Cyber Security and Emerging Threats Ethan Schwartz

Lithium-ion Batteries: Why battery Recycling is Crucial for the Transition to a Low-Carbon Economy.

One of the most crucial technologies for climate change mitigation is clandestine yet omnipresent. Batteries, which can power zero emission vehicles and complement intermittent renewable energy sources such as solar or wind, will allow society to develop effective and competitive clean energy solutions. Lithium ion batteries specifically hold an important role, powering high-growth products suchs mobile electronics and electric vehicles (EVs). The sector is growing drastically. The demand for lithium, a fundamental component of Lithium Ion batteries, is expected to increase 5-fold by 2030 with EVs driving the growth, accounting for 79% of the total, up from 24% today. But the truth about batteries reveals that without adequate battery recycling technologies, the transition to a cleaner economy will be tainted, as batteries also have a negative environmental impact in terms of both greenhouse gas (GHG) emissions and general ecotoxicity. This article highlights these impacts and stresses the importance of investment in the battery recycling industry. 

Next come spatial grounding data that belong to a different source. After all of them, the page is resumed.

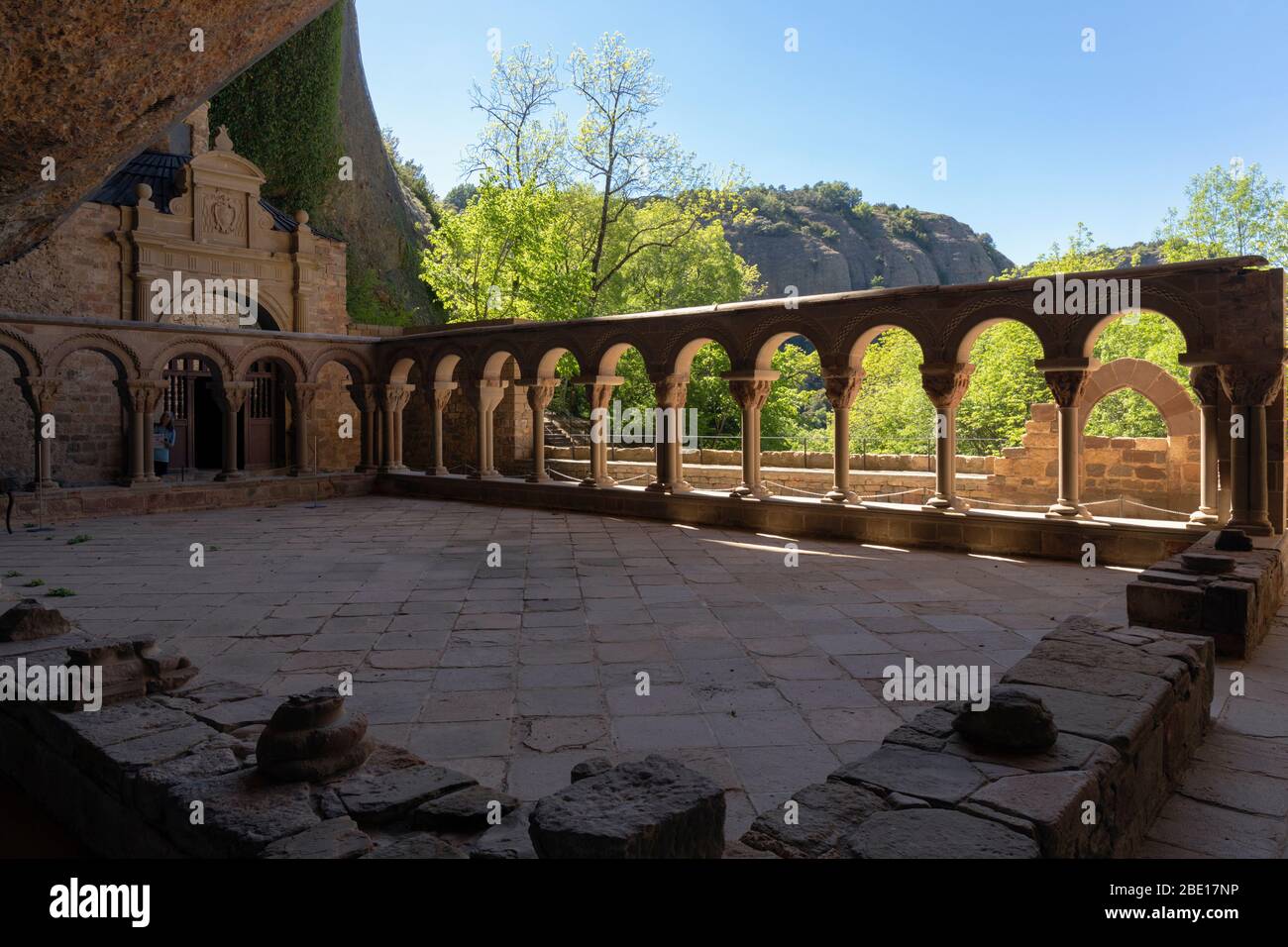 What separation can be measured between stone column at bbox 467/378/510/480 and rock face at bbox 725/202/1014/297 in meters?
50.7

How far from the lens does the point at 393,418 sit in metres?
14.7

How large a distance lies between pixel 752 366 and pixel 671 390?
1.28m

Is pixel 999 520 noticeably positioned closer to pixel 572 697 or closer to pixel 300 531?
pixel 572 697

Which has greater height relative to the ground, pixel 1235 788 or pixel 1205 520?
pixel 1205 520

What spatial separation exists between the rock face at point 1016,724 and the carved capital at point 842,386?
22.7ft

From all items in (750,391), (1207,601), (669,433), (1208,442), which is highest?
(750,391)

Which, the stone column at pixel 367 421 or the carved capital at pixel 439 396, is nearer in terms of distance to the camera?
the carved capital at pixel 439 396

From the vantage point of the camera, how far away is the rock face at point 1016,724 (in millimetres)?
2389

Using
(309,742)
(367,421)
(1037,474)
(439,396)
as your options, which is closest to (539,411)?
(439,396)

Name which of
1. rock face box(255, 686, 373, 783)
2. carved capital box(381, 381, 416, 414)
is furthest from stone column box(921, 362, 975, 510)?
carved capital box(381, 381, 416, 414)

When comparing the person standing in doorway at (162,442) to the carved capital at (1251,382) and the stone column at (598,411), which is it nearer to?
the stone column at (598,411)

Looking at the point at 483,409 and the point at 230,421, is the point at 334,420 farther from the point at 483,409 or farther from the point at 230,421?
the point at 483,409

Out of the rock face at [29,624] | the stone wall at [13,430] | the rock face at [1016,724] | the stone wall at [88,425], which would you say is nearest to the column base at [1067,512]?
the rock face at [1016,724] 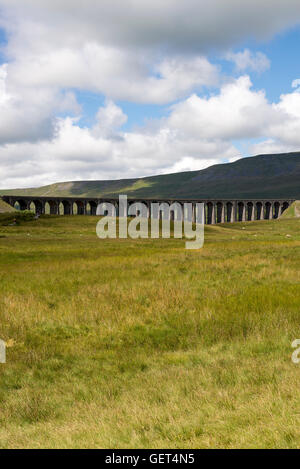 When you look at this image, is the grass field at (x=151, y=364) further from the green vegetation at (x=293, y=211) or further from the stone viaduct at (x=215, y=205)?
the green vegetation at (x=293, y=211)

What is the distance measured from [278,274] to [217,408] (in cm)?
1605

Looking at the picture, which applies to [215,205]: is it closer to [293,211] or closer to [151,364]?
[293,211]

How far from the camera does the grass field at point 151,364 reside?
5590 mm

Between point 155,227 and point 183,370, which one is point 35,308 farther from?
point 155,227

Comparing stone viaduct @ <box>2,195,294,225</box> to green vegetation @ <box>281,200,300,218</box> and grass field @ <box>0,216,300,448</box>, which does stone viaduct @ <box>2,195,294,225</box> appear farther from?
grass field @ <box>0,216,300,448</box>

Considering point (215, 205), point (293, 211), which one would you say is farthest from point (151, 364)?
point (215, 205)

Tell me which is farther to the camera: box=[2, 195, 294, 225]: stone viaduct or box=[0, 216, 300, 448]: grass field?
box=[2, 195, 294, 225]: stone viaduct

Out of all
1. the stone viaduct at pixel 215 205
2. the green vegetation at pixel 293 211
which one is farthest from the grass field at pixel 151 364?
the green vegetation at pixel 293 211

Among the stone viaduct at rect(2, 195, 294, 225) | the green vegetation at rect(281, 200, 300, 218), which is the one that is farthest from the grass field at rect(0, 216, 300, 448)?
the green vegetation at rect(281, 200, 300, 218)

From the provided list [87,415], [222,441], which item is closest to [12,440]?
[87,415]

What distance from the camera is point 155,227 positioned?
8938 cm

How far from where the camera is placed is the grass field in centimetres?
559

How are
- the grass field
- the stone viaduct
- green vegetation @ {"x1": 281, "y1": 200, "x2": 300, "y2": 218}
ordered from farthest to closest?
1. green vegetation @ {"x1": 281, "y1": 200, "x2": 300, "y2": 218}
2. the stone viaduct
3. the grass field

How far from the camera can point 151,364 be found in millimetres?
9227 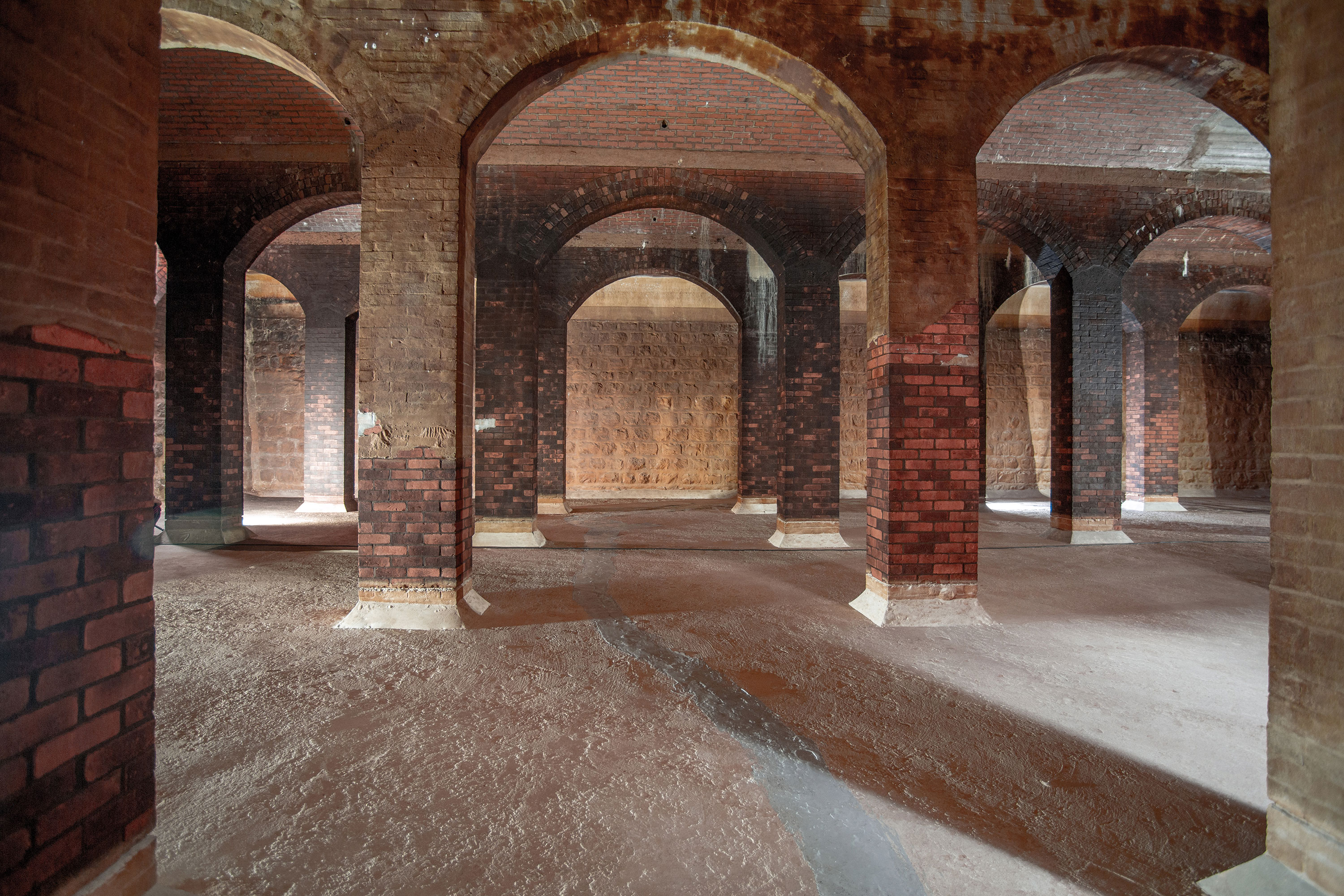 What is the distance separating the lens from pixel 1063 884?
1.84 meters

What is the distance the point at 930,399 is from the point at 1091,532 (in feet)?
17.2

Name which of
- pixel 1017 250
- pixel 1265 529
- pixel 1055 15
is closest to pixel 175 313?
pixel 1055 15

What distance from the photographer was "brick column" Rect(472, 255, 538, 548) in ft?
26.2

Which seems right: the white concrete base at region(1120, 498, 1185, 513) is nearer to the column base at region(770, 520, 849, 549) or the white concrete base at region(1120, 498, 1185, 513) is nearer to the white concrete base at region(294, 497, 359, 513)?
the column base at region(770, 520, 849, 549)

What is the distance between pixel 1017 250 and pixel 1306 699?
1218 cm

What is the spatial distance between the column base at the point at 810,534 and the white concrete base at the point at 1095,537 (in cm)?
287

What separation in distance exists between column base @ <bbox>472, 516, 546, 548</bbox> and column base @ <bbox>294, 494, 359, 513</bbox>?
205 inches

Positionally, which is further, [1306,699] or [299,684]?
[299,684]

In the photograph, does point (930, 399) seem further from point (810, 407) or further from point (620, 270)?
point (620, 270)

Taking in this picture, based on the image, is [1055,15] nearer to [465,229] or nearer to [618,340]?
[465,229]

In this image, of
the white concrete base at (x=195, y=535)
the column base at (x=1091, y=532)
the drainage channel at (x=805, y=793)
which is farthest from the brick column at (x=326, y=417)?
the column base at (x=1091, y=532)

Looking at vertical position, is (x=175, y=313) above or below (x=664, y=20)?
below

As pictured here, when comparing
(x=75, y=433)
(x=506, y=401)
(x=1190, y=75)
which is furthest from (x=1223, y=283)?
(x=75, y=433)

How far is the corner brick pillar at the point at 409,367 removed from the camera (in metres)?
4.43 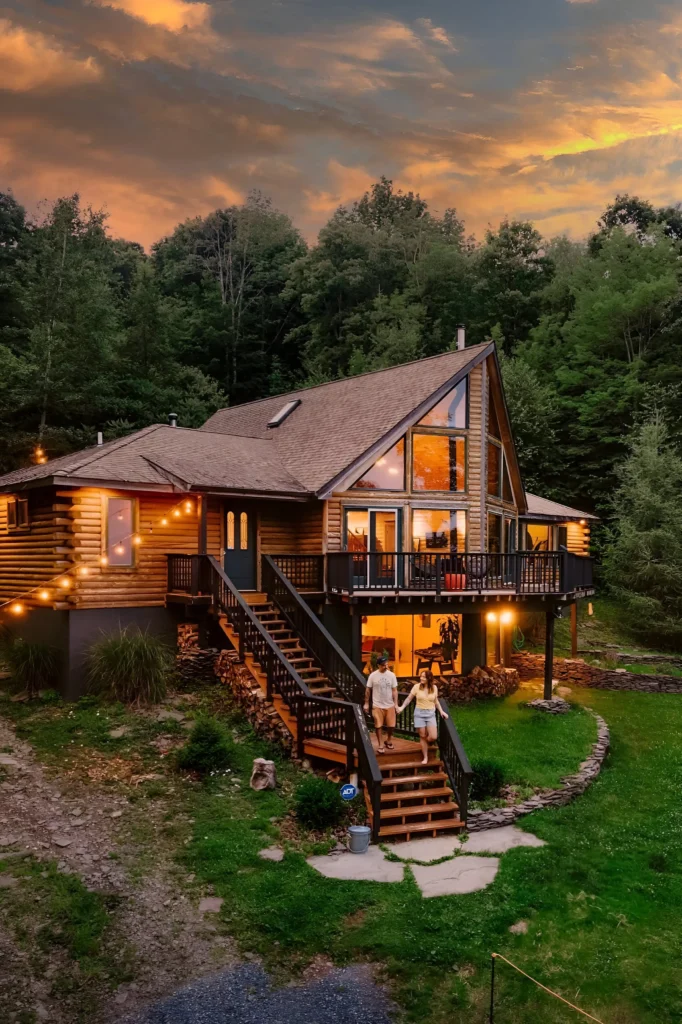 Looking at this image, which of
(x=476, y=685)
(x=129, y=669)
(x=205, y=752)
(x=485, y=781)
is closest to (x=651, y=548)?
(x=476, y=685)

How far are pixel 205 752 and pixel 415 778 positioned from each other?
12.4 ft

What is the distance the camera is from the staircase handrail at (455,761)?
11562 millimetres

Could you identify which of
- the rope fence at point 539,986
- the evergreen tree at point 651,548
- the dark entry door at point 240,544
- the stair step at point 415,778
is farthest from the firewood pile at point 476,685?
the rope fence at point 539,986

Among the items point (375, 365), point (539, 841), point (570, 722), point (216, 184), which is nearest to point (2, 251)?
point (375, 365)

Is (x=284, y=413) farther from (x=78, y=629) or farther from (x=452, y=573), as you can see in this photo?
(x=78, y=629)

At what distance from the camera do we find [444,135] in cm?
4522

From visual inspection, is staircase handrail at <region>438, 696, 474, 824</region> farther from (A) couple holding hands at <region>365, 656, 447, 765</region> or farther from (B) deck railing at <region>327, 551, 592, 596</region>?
(B) deck railing at <region>327, 551, 592, 596</region>

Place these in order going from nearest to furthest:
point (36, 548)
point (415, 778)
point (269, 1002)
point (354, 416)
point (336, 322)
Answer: point (269, 1002) → point (415, 778) → point (36, 548) → point (354, 416) → point (336, 322)

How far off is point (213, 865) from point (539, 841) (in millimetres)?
5005

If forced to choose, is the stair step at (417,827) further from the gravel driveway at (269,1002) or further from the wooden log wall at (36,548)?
the wooden log wall at (36,548)

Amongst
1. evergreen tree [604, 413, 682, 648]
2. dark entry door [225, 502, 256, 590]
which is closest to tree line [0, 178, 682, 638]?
evergreen tree [604, 413, 682, 648]

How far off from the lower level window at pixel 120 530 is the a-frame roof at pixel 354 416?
15.5 feet

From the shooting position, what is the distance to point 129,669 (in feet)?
51.8

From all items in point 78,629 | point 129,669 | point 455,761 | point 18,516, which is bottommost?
point 455,761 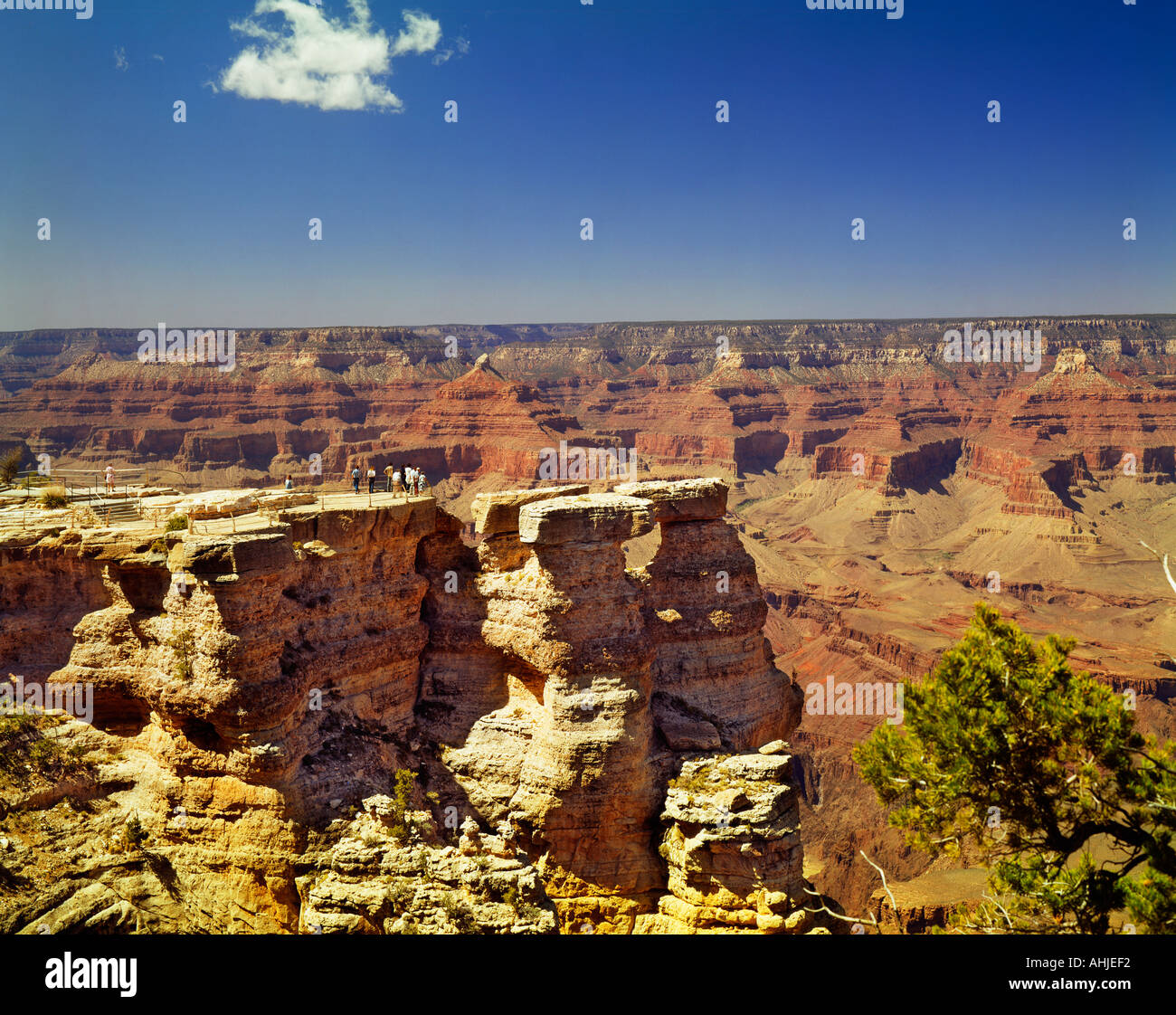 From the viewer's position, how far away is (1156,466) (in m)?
148

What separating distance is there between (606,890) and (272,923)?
8204 millimetres

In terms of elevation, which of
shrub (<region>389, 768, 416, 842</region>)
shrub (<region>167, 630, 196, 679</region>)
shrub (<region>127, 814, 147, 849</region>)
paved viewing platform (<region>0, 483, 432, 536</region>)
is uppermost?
paved viewing platform (<region>0, 483, 432, 536</region>)

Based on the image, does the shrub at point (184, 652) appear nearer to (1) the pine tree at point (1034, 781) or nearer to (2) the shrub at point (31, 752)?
(2) the shrub at point (31, 752)

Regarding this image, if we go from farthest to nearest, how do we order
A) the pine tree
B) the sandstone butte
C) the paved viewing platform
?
the paved viewing platform < the sandstone butte < the pine tree

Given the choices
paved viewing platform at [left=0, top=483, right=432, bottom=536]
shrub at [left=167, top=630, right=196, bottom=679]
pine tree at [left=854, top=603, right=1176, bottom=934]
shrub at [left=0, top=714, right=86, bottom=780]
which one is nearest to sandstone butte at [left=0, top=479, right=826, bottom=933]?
shrub at [left=167, top=630, right=196, bottom=679]

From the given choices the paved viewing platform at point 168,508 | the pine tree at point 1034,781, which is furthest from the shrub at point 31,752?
the pine tree at point 1034,781

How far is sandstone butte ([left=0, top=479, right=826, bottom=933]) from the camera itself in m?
18.7

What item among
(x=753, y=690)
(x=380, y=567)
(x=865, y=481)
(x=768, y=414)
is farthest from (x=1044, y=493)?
(x=380, y=567)

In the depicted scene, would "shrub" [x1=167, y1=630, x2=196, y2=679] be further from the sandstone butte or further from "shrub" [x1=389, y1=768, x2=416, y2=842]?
"shrub" [x1=389, y1=768, x2=416, y2=842]

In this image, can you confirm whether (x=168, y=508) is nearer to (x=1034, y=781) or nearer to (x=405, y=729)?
(x=405, y=729)

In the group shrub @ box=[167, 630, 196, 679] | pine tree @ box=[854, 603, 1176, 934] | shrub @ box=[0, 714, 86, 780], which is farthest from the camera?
shrub @ box=[0, 714, 86, 780]

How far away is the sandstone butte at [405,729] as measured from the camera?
18688mm

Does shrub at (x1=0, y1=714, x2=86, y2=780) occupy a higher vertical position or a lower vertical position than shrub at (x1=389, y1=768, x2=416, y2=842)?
higher

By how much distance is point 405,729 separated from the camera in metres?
23.9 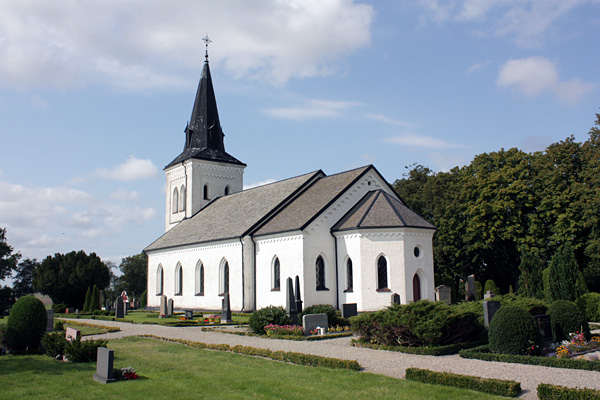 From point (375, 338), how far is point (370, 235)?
10794 mm

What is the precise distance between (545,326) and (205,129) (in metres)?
34.4

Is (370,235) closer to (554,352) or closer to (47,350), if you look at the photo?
(554,352)

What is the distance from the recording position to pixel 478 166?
143 ft

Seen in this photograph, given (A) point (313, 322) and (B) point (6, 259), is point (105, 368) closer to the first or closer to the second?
(A) point (313, 322)

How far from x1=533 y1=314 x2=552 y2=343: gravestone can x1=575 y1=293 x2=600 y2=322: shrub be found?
970cm

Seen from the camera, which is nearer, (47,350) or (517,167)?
(47,350)

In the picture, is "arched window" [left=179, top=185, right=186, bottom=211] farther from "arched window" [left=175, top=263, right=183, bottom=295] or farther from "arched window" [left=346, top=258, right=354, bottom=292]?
"arched window" [left=346, top=258, right=354, bottom=292]

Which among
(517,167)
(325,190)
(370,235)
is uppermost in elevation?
(517,167)

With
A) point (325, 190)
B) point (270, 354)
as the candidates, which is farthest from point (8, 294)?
point (270, 354)

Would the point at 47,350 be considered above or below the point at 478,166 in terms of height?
below

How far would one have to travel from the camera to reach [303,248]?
27.5m

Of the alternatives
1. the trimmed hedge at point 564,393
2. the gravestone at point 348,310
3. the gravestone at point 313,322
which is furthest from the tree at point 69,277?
the trimmed hedge at point 564,393

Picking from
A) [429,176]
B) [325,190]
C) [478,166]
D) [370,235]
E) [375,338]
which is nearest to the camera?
[375,338]

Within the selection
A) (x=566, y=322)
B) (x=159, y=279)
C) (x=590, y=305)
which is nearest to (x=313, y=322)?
(x=566, y=322) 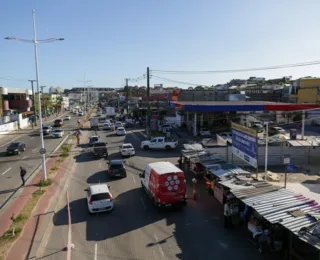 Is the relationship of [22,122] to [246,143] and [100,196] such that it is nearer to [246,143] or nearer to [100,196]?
[100,196]

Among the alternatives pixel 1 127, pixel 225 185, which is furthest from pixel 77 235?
pixel 1 127

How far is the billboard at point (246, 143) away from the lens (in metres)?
17.5

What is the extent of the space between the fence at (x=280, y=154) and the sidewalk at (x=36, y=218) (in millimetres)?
13356

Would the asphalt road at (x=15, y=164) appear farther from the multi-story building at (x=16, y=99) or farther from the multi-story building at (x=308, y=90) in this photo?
the multi-story building at (x=308, y=90)

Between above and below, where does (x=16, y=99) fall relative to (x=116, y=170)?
above

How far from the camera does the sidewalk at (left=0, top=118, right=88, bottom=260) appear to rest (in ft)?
38.4

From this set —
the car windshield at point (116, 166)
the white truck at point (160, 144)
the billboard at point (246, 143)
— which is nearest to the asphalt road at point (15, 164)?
the car windshield at point (116, 166)

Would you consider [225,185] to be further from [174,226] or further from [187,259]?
[187,259]

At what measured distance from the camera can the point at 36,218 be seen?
49.2 feet

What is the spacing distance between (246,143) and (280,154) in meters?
9.22

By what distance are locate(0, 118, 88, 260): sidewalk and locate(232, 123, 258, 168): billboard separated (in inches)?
477

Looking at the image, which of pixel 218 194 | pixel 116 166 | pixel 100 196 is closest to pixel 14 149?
pixel 116 166

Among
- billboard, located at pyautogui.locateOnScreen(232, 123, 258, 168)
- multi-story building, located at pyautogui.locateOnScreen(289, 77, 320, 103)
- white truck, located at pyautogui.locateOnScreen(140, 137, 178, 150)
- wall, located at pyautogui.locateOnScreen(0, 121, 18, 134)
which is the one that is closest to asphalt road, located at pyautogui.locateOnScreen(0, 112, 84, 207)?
wall, located at pyautogui.locateOnScreen(0, 121, 18, 134)

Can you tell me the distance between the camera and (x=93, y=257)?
1132 centimetres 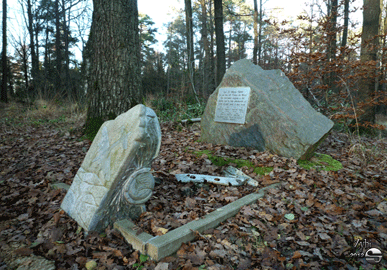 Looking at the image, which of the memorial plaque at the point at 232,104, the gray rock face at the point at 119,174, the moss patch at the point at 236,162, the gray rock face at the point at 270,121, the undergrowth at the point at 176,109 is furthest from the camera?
the undergrowth at the point at 176,109

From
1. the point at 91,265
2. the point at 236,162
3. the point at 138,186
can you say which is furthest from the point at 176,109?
the point at 91,265

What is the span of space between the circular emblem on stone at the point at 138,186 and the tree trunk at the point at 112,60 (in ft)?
8.99

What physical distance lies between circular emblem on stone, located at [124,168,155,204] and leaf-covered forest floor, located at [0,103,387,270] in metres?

Lithium-ion batteries and their value chains are complex. In fact, “Lithium-ion” is not a specific battery type but rather a moniker for a broader category of batteries where lithium is used as anode while various chemistries are used in the cathode, the positive and negative terminals of the battery. Depending on the battery type, as many as 20 different materials are required to create a final product. It is the complex value chain that creates environmental sustainability issues for batteries. To start, lithium, a metal, is present in all Lithium-ion batteries (as the name suggests). Lithium is found in abundance in South America, the Andes region, and China. Currently, the most common process for extracting lithium involves pumping a high-salinity mixture into soil containing lithium, oversaturing the earth and bringing the mineral-rich brine to the surface. The mixture is left to evaporate over 12-18 months and lithium carbonate can then be extracted. This method, though not GHG intensive, uses large amounts of water – approximately 1.5 million litres per metric ton of lithium carbonate. Bolivia and Chile, where lithium is prevalent, are both severely drought prone, and mineral extraction is therefore threatening the livelihoods of local farmers and inhabitants. Additionally, the saline mixture used for extraction has reportedly negative effects on the surrounding communities, with reports of the toxic mixture seeping into crops and groundwater. 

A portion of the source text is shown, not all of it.